The trend reflects a continuous rise in educational levels of all American women, as well as a decline in births set in motion with the Great Recession in late 2007. Between 2008 to 2011, the number of new mothers with no high school degree dropped 17%, as the number with only a high school diploma dropped 15%.

4. Co-author of the Heritage Foundation’s disputed immigration study Jason Richwine resigned on Friday, as questions mounted about the racially-charged conclusions in his previous work. Richwine as hired by the ultra-conservative think tank in 2010, and his departure comes less than five weeks after former Republican senator Jim DeMint assumed leadership of Heritage.

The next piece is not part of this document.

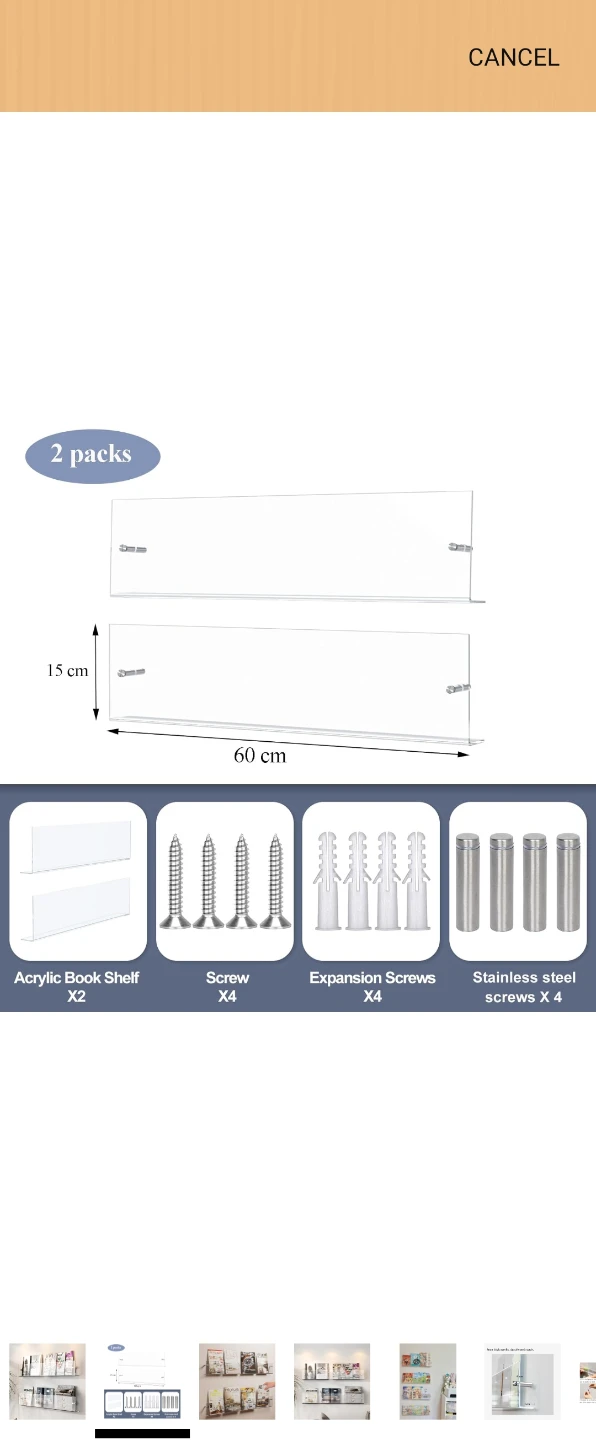2 Pack Acrylic Wall Mounted Bookshelf - photo 2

To date, the organization defends its methodology, one rejected by libertarian groups like the Cato Institute. The report argues that low-skilled immigrants have less education and lower IQs, making them likely to earn less money and need more taxpayer-supplied benefits.

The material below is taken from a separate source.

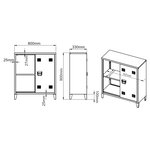 Casier de bureau armoire meuble de rangement pour bureau atelier chambre acier de bureau métallique à 2 portes 90 x 80 x 33 cm blanc 03_0006336
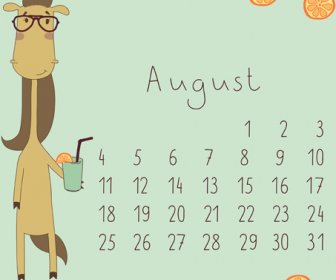 Cute Cartoon August Calendar Design Vector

In 2007, a similar Heritage report helped derail immigration reform, arguing that the plan would cost $2.7 trillion, instead of last week’s $6 trillion.

5. PEW Research reports that Hispanic high school graduates have passed whites in their rate of college enrollment. In post recession America, a record 69% of Hispanic high school graduates in the class of 2012 enrolled in college. As the rates of Hispanic college enrollment have risen from 49% in 2000 to 69% in 2012, the rate of college enrollment has dropped among white high school grads to 67%.

In 2011 only 14% of Hispanic 16-24-year-olds were high school dropouts, 50% less than the 2000 level of 28%. PEW suggests that some educational growth may be driven by declining employment among young Latino youths, where unemployment has risen by 7 points, compared to 5 points among whites.

Hispanics are less likely to be in a four-year college, be enrolled full time, and complete a bachelor’s degree.